■ SUPPLIED RECORDS ■
+ + +

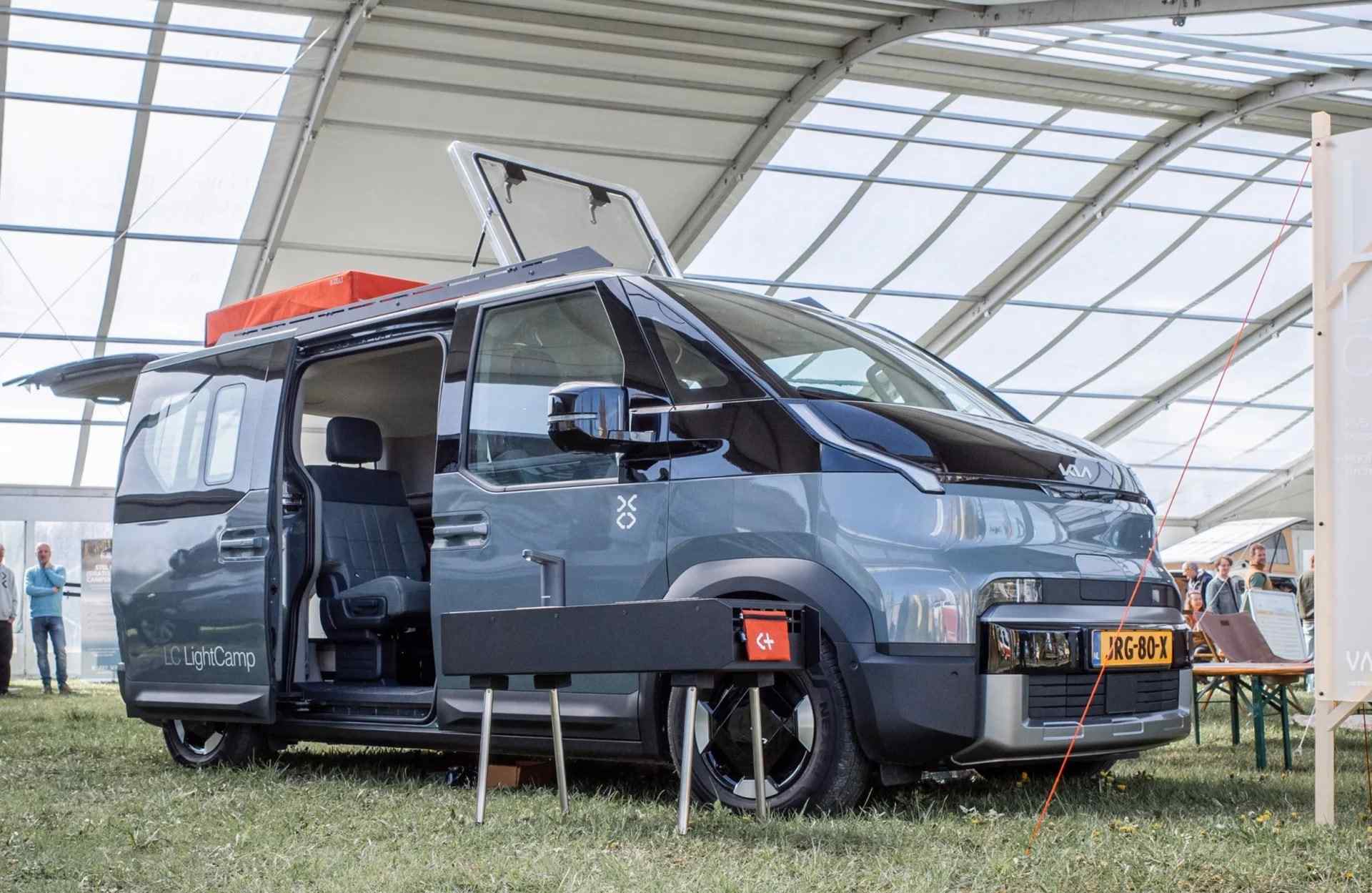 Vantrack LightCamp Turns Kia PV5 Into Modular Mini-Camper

+ + +

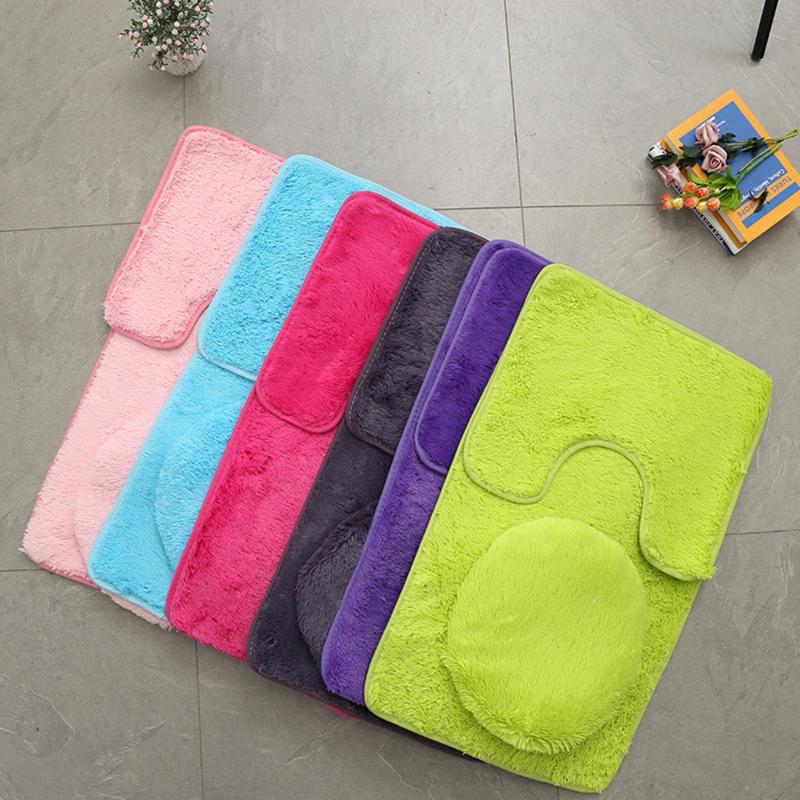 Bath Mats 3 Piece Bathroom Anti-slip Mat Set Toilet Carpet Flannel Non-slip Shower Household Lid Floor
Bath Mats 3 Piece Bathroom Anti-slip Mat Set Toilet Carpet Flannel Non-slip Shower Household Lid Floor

+ + +

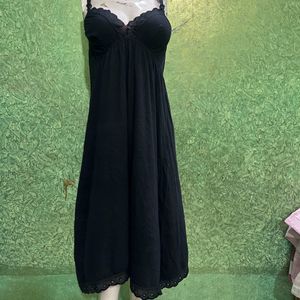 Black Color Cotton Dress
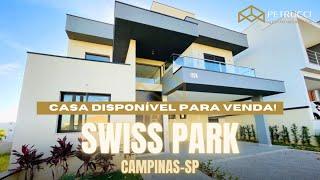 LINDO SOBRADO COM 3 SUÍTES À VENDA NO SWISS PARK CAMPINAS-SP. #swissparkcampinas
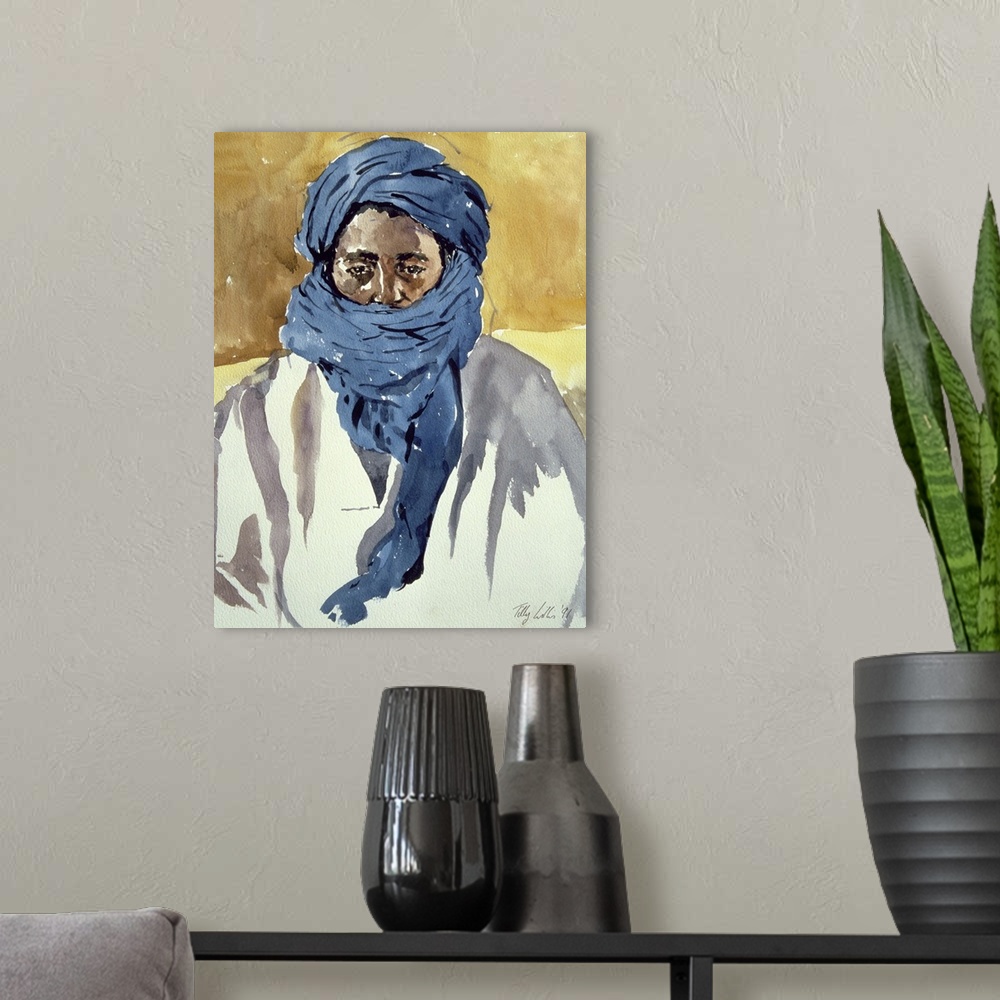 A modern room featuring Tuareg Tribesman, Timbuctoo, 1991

+ + +

■ ACTIVITY ■
Copy only these lines from the records above, exactly: the one with "Black Color Cotton Dress", the one with "A modern room", and those between. Skip the pictures.

■ REPLY TO THE TASK ■
 Black Color Cotton Dress
 LINDO SOBRADO COM 3 SUÍTES À VENDA NO SWISS PARK CAMPINAS-SP. #swissparkcampinas
 A modern room featuring Tuareg Tribesman, Timbuctoo, 1991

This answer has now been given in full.